Das erste weist uns hin auf Altkeltisches, das ihn irgendwie durchblutet und ihn zurückführt in den dritten nachatlantischen Zeitraum, denn das Keltische im Norden führt zurück in dasjenige, was wir kennengelernt haben als den dritten nachatlantischen Zeitraum. Dann finden wir den vierten nachatlantischen Zeitraum im romanischen, den fünften im germanischen Elemente. Aus den drei Zeiträumen und ihren Impulsen setzt Carducci die Elemente in Dantes Seele zusammen, so dass wir also wirklich drei Schichten haben, welche nebeneinander oder vielmehr übereinander gelagert sind: dritter, vierter, fünfter Zeitraum, keltisch, romanisch, germanisch. Gute Dante-Forscher haben viele Bemühungen angestellt, um dahinterzukommen, wie Dante von der geistigen Welt aus sein Blut in der Weise hat mischen können, dass es ein derartig zusammengesetztes wurde. Sie haben es natürlich nicht mit diesen Worten ausgesprochen, wie ich es jetzt sage, aber sie haben diese Bemühungen angestellt, und manches ist, wie man glaubt, dadurch zustande gekommen, dass ein gutes Stück von Dantes Vorfahrenschaft in Graubünden zu finden ist. Das kann die Geschichte schon bis zu einem gewissen Grade bestätigen: Nach allen Windrichtungen hin, aber auch nach dieser Gegend, wo so viel Blutmischung stattgefunden hat, weist der Vorfahrenzug Dantes hin.

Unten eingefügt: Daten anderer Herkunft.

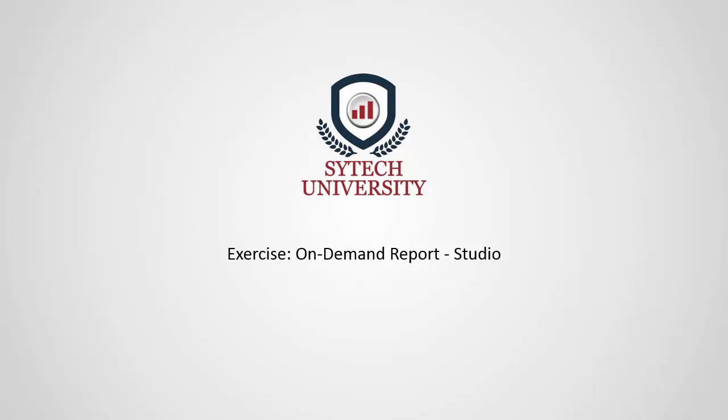In this video, we'll demonstrate using Excel Reporter's Template Studio to create an on-demand report. With on-demand reports, users can select the tags they're interested in at runtime along with the time period.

Wir sehen so, wie an einer einzelnen Persönlichkeit das merkwürdige Zusammenwirken der drei Schichten europäischer Menschheitsentwickelung zutage tritt. Und Sie sehen, ein Mann wie Carducci, der dieses Urteil nicht gefällt hat unter dem Einfluss der heutigen völkischen Tollheit, sondern aus einer gewissen Objektivität heraus, weist auf dasjenige hin, was bei Dante zugrunde liegt.« (GA 173, Dornach, 17. Dezember 1916)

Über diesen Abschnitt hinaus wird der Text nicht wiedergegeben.